◆ **PROBLEM DESCRIPTION**:
Print every record below exactly as it stands, but leave out the pictures.

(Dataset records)

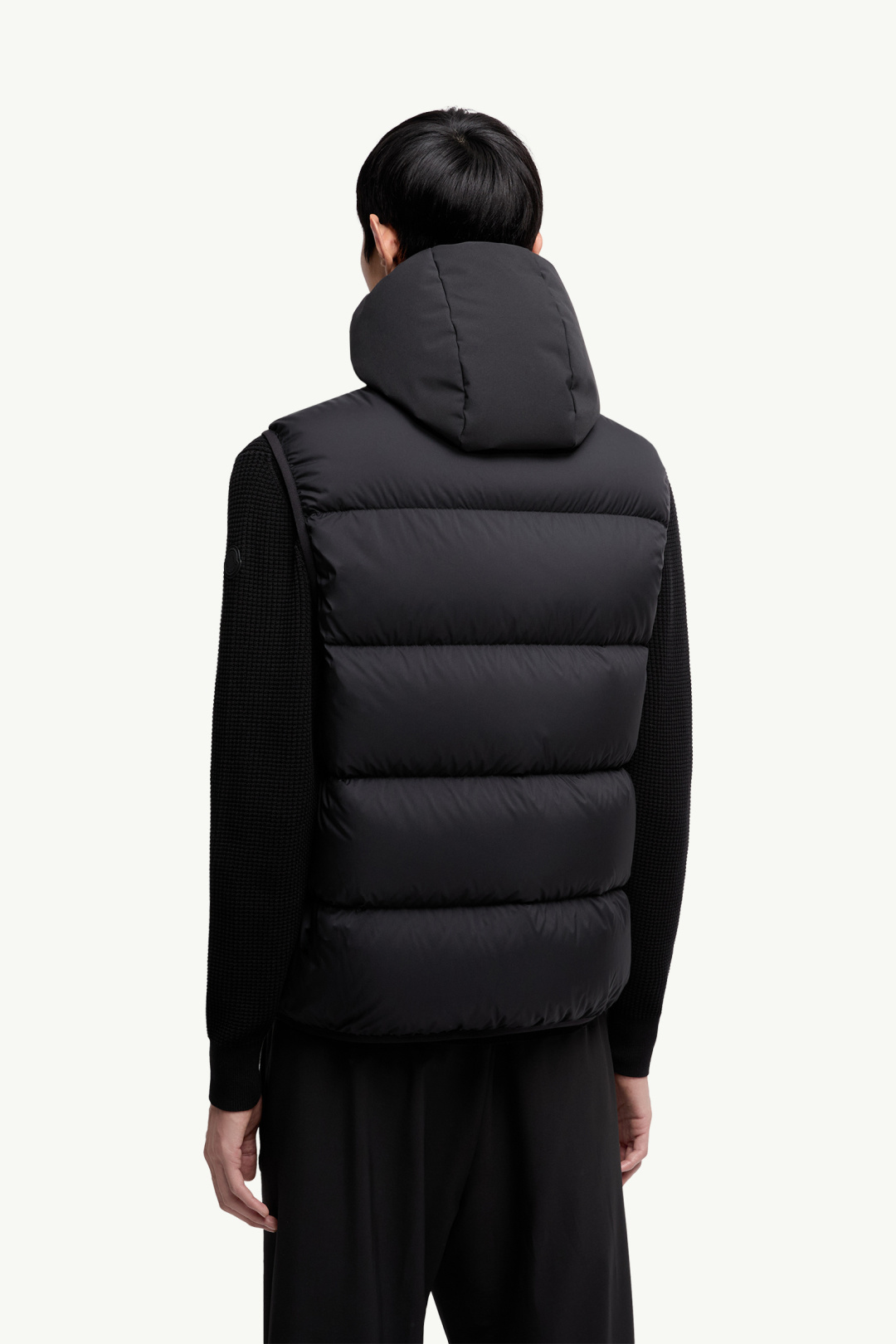 . 535495_560 535495_560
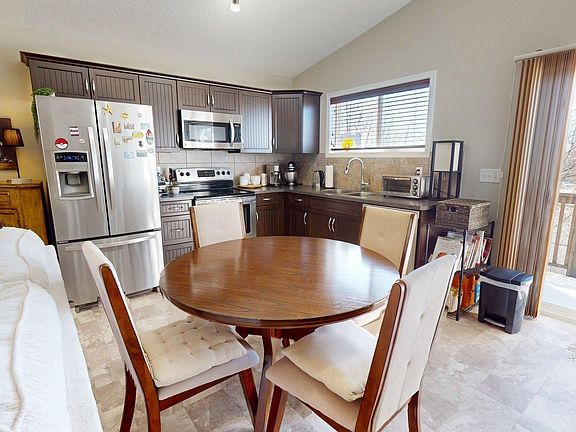 3rd image of 142 Selkirk Pl #187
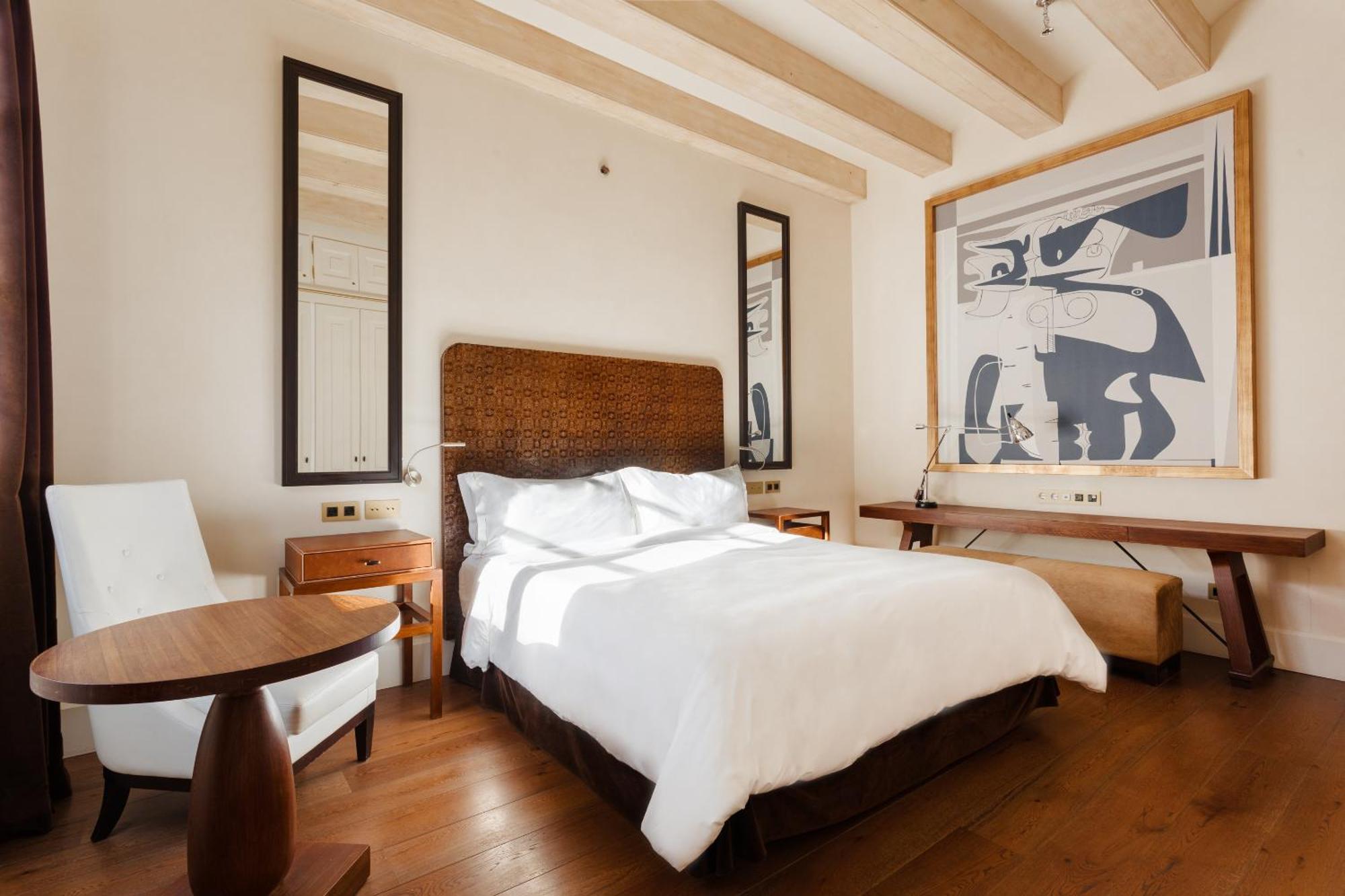 Do Placa Reial Powered By Sonder 5*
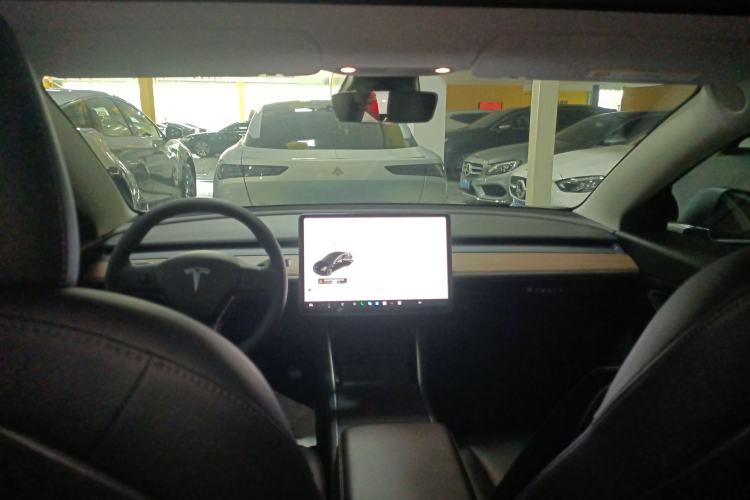 Used Tesla Model 3 2020 Revised Version Standard Range Rear-Wheel Drive – Upgraded Edition Center Console
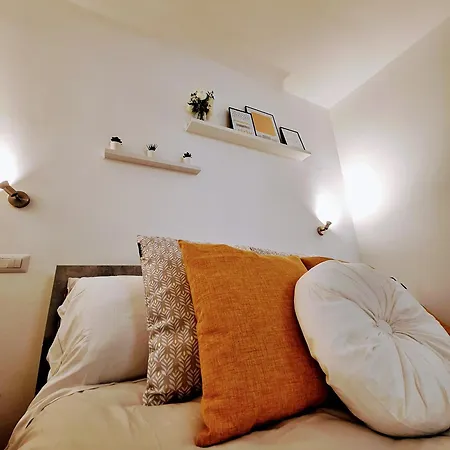 Eluna Apartment *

◆ **SOLVED EXERCISE**:
 . 535495_560 535495_560
 3rd image of 142 Selkirk Pl #187
 Do Placa Reial Powered By Sonder 5*
 Used Tesla Model 3 2020 Revised Version Standard Range Rear-Wheel Drive – Upgraded Edition Center Console
 Eluna Apartment *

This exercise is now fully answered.